Zalewska: wszystkie egzaminy odbywają się bez jakichkolwiek zakłóceń
- Wszystkie egzaminy we wszystkich szkołach odbywają się zgodnie z procedurami i zgodnie z prawem, bez jakichkolwiek zakłóceń - powiedziała minister edukacji narodowej Anna Zalewska na konferencji prasowej w poniedziałek, w pierwszym dniu egzaminu ósmoklasisty.
Uczniowie klas VIII szkół podstawowych w poniedziałek po godzinie 9. przystąpili do egzaminu ósmoklasisty z języka polskiego. We wtorek uczniowie przystąpią do egzaminu z matematyki, a w środę będą mieli egzamin z matematyki. Poniedziałek jest jednocześnie ósmym dniem strajku nauczycieli.
- Za nami pierwszy egzamin z języka polskiego po ósmej klasie - powiedziała minister edukacji na konferencji w trakcie poniedziałkowego egzaminu. Podała, że do egzaminu przystąpiło 377 tys. uczniów z blisko 13 tys. szkół podstawowych.
- Egzamin (ósmoklasisty) trochę różni się od egzaminu po gimnazjum. Deklarowaliśmy, że egzaminy i edukacja będą ograniczać testomanię, czyli jest sporo zadań otwartych, gdzie uczeń musi wykazać się m.in. umiejętnością pisania tekstu - mówiła Zalewska.

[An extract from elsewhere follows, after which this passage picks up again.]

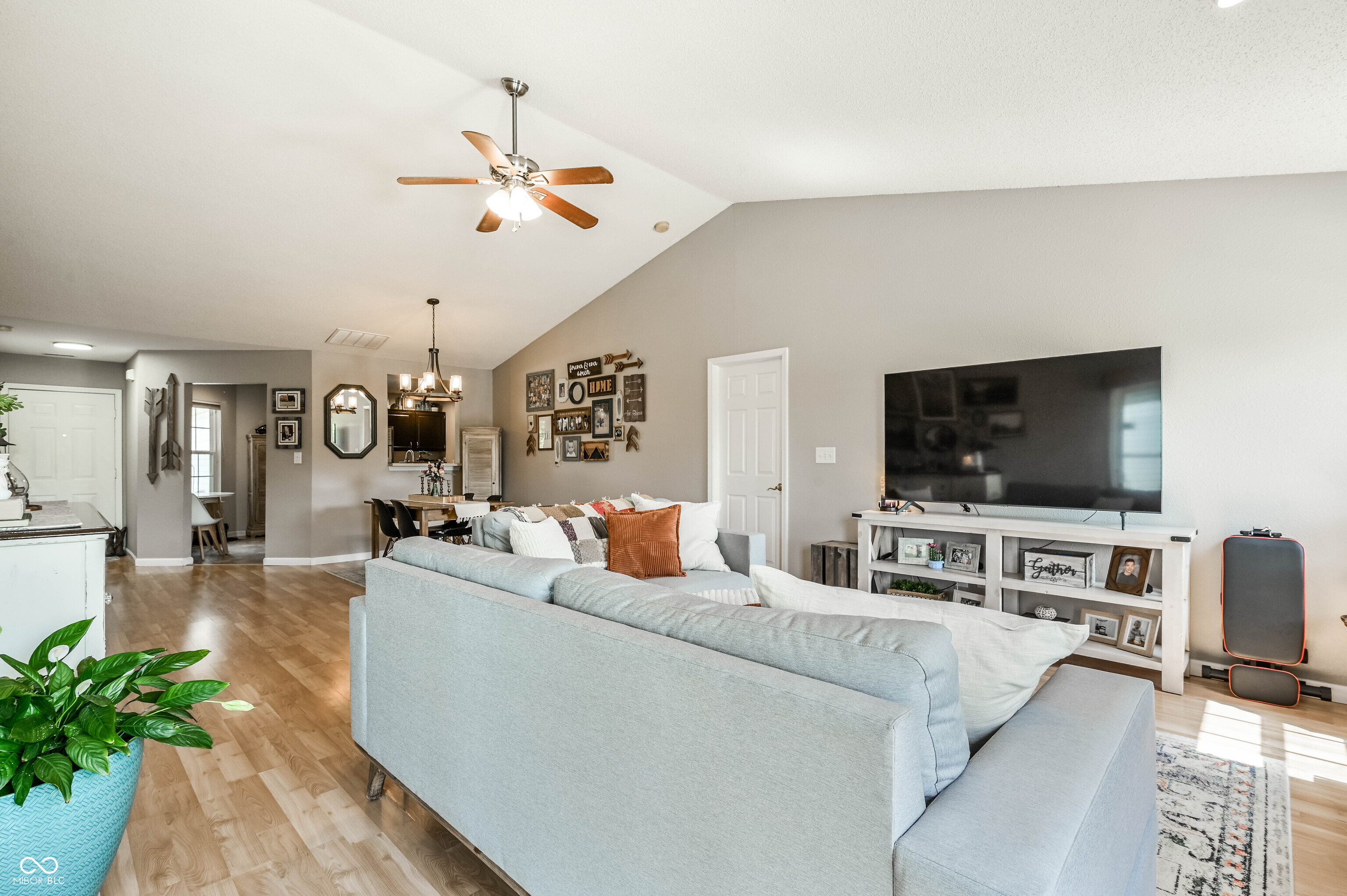 6623 Southern Ridge Drive Indianapolis, IN 46237 - Photo 9 of 33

- Wszystkie egzaminy we wszystkich szkołach odbyły się zgodnie z procedurami i zgodnie z prawem, bez jakichkolwiek zakłóceń - powiedziała minister.
- Chcemy po pierwsze: pogratulować uczniom pierwszego dnia. (Po drugie) podziękować dyrektorom, nauczycielom, tym nauczycielom, którzy są przy swoich uczniach, wolontariuszom, kuratorom i wojewodom - dodała.
"Myślę, że wszystkie rady się odbędą, a uczniowie zostaną sklasyfikowani"
- 50 proc. szkół ponadgimnazjalnych nie strajkuje. Tam nikt nie martwi się o klasyfikację czy ewentualnie przebieg matur. W pozostałych szkołach oceny zostały już zaproponowane, a rodzice poinformowani o ocenach. Przed nami rady klasyfikacyjne, dyrektorzy mają obowiązek je przeprowadzić. Głęboko ufam i proszę o to nauczycieli. Myślę, że w tym tygodniu rodzice będą rozmawiać z dyrektorami szkół, jeżeli odczuwają jakieś zaniepokojenie. To indywidualne dyskusje w każdym gronie pedagogicznym - powiedziała Zalewska.
- W większości szkół w tym tygodniu zostały zaplanowane rady, chociaż jest duża część (szkół) gdzie mowa jest o 24, 25 kwietnia. Myślę, że wszystkie rady się odbędą, a uczniowie zostaną sklasyfikowani (...) To ogromna odpowiedzialność, która ciąży na dyrektorze, odpowiedzialność za rok życia młodego człowieka - powiedziała. Dodała, że jest pewna, że zarówno ministerstwo, jak i dyrektorzy i nauczyciele nie wyobrażają sobie takiej sytuacji, żeby uczniowie musieli powtarzać rok, bo nie odbędą się rady klasyfikacyjne.
"Ministerstwo nie ingeruje wprost w życie szkoły"
Pytana o to, czy ministerstwo, a nie rodzice, powinno wyjść z inicjatywą rozmów dotyczącą matur Zalewska powiedziała: "System edukacji jest jednym z bardziej zdecentralizowanych w Polsce. Tu każdy ma swoją kompetencję i swoją odpowiedzialność. Ministerstwo edukacji nie ingeruje wprost w życie szkoły, to samodzielna jednostka, gdzie podejmowane są decyzje. Kompetencje każdego: i dyrektora i rady pedagogicznej i nauczycieli są opisane w przepisach. Wszystko w tej chwili w rękach dyrektorów" - stwierdziła.
W miniony poniedziałek rozpoczął się zorganizowany przez Związek Nauczycielstwa Polskiego i Forum Związków Zawodowych strajk w szkołach. Przystąpiła do niego też część nauczycieli z oświatowej "Solidarności". Biorą w nim też udział nauczyciele niezrzeszeni w związkach.
W piątek Prezydium Zarządu Głównego ZNP postanowiło kontynuować strajk i wystąpić do Prezesa Rady Ministrów o natychmiastowe podjęcie rozmów z udziałem mediatora zewnętrznego. Także Prezydium Zarządu Krajowego WZZ "Solidarność - Oświata", należącego do FZZ, podjęło decyzję o kontynuowaniu strajku w niezmienionej formie.